To treat this disorder is a very complex thing to do. It depends on each incident that a psychologist takes over. Some cases can be treated with medication and many improvements are observed. But for the sickest people, there are not many ways to deal with their symptoms.
In the following video you will see a psychologist that talks how behavioral therapy contributes to enhancing patient’s health.

 
Successful social interactions rely on the ability to make accurate social judgments of others based on a variety of complex cues indicating a person's trait and state qualities: Is this person trustworthy, competent, or domineering? Is he or she feeling angry, disappointed, or bored? These social judgments influence our overall impressions of others and are directly related to our social behavior. It is well established that patients with schizophrenia do not accurately judge social cues, such as facial expressions. Importantly, these deficits in social and affective judgments predict social functioning and mediate the relationship between neurocognition and functional outcome. Identifying the mechanisms that contribute to the misinterpretation of social cues in schizophrenia could facilitate the development of effective interventions and ultimately improve outcome. However, at this point, the factors that influence social interpretations in schizophrenia are unclear.

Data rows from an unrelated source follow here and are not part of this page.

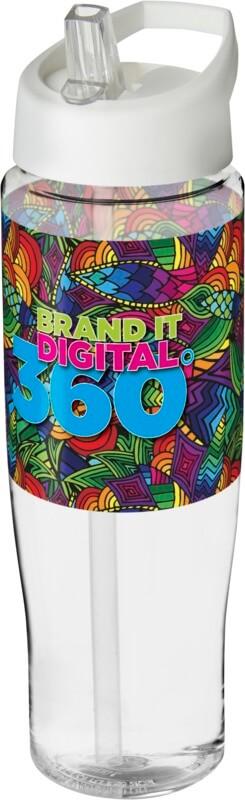 Garrafa desportiva com tampa com boquilha de 700 ml H2O Tempo®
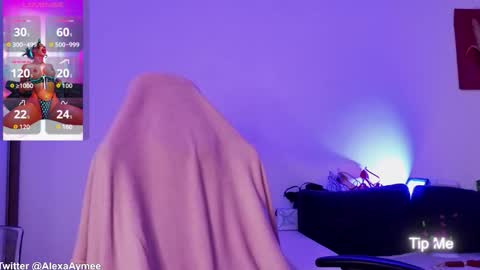 Snapshot of alexaaimee chatting on October 2025 04:59:01 AM Alexa online show from October 2025 04:59:01 AM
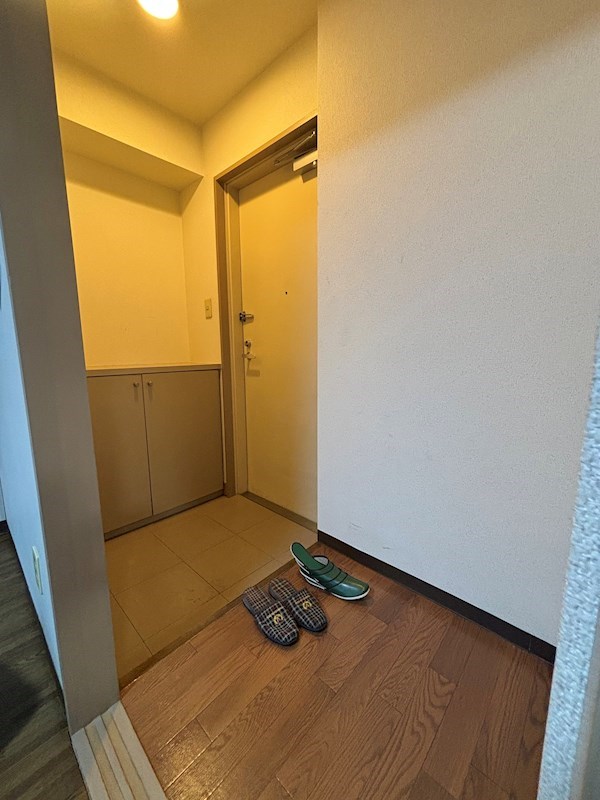 エスポワール 玄関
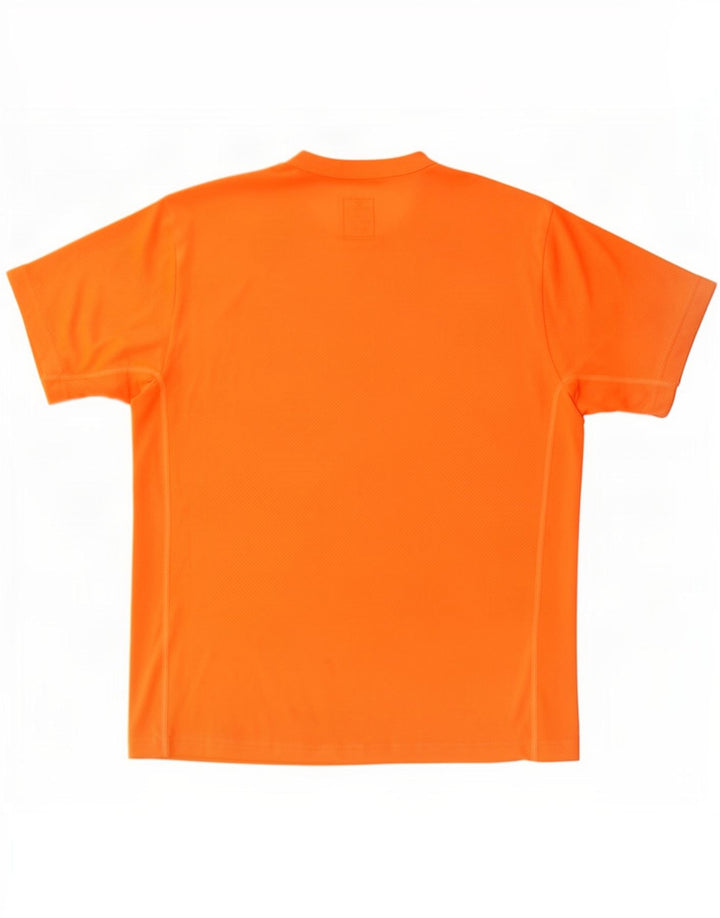 Męski T-shirt Champion z grafiką, duży, pomarańczowy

One possible mechanism is that internal or external affective information is exerting inappropriate influence over social judgments and consequently affecting social functioning. That is, patients with schizophrenia may have an impaired ability to control the influence of affective information on social judgments. Affective priming studies with healthy adults demonstrate that judgments, including judgments about a person's state and trait characteristics, are influenced in a mood-congruent manner by the observer's affective state and/or by affective information in the environment that may impact affective state. This bias occurs even when the internal or external affective information has an incidental cause and is irrelevant to the present judgment, thereby contributing to misinterpretations. For example, people are more likely to judge a face as happy after a positive mood prime, such as viewing a pleasant film, and are more likely to judge a face as sad after a negative mood prime, such as viewing a sad film. Those with disorders that are characterized by the persistent elevation of an affective state show interpretive biases even in the absence of priming; people with major depressive disorder are more likely to identify ambiguous facial expressions as sad and less likely to identify them as happy. Affective priming reveals these biases in formerly depressed patients who report normal mood. Importantly, these interpretive biases contribute to the onset and maintenance of illness and are now a target for treatment.

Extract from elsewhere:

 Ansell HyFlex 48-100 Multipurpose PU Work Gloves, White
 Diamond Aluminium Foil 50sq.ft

Despite the vast literature on social and affective perception deficits in schizophrenia, reports of interpretive bias are surprisingly rare. However, schizophrenia is a heterogeneous disorder in which internal affective state may be variable across different subtypes and stages of illness. Without direct manipulation of affect, the variation in internal affective state across participants may obscure social judgment biases that exist on an individual level. Furthermore, incidental affective state is most likely to influence judgment when cognitive appraisals of affect are consistent with the nature of the judgment. Feelings of paranoia are common among individuals with schizophrenia spectrum disorders .Therefore, patients with schizophrenia should be most susceptible to interpretive bias when feelings of threat are elevated and the social judgment pertains to interpersonal safety.